Und das soll alles kein Zufall sein? Jetzt wird der ukrainische Komiker ebenso als sogenannter «Hoffnungsträger» in den westlichen Medien beweihräuchert, wie es einst bei Macron geschehen ist. Und sein Gesicht war in Zeiten des französischen Wahlkampfes 2017 auf fast allen französischen Blättern zu sehen. Und heute? Notre-Dame ist letzte Woche fast abgebrannt. Seit mehr als fünf Monaten knüppelt Macron die Gelbwesten nieder, die mit der Politik des französischen Shootingsstars nicht zufrieden sind.
Ob wir bald in der Ukraine ähnliche Bilder sehen werden? Nicht unwahrscheinlich. Ob man an diesem Debakel am Ende Moskau die Schuld gibt? Höchstwahrscheinlich. Aber zurück zur vermeintlichen «Sensation» über den Wahlsieg eines «jungen Underdogs», dessen Gesicht in der Ukraine bereits lange bekannt ist und den ukrainischen Mainstream-Medien längst als Präsident gehandelt wurde. Die Betonung liegt auf die dortigen Medien, denn um die Politik in der Ukraine wird im deutschen Mainstream eher verhalten berichtet, denn bereits der scheidende Hoffnungsträger Pedro Poroschenko entpuppte sich als Griff ins Klo, auch wenn man das nicht so gerne offen zugibt.

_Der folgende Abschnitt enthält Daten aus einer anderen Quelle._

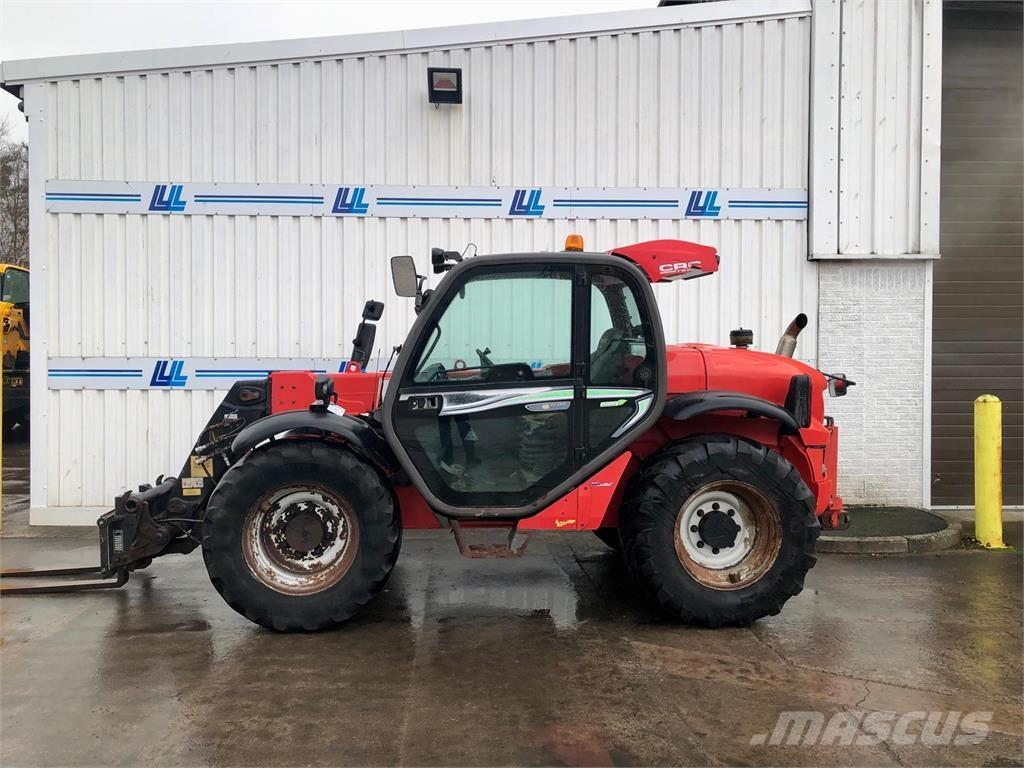 Manitou MLT629 Teleszkópos rakodók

Als Poroschenko im Mai 2014 an die Macht geputscht wurde, entflammte im Donbass ein Bürgerkrieg. Dieser wurde durch einen Waffenstillstand im Februar 2015 mehr oder weniger entschärft, obwohl die ukrainischen Streitkräfte nahezu täglich dagegen verstoßen. Aber die Schuld für das Debakel sucht man mehr in Moskau und weniger in Kiew. Die Lügen über eine «russische Invasion» wurde schnell widerlegt und selbst der damals federführende Spiegel musste für den Blödsinn schwer büßen. Denn kurz bevor man die alte Riege aus der Chefredaktion gegen eine NATO-treue Truppe ausgetauscht hat, musste man wieder Personalentscheidungen treffen. Und der Lügenbaron Claas Relotius war dabei wirklich nur die Spitze des Eisbergs.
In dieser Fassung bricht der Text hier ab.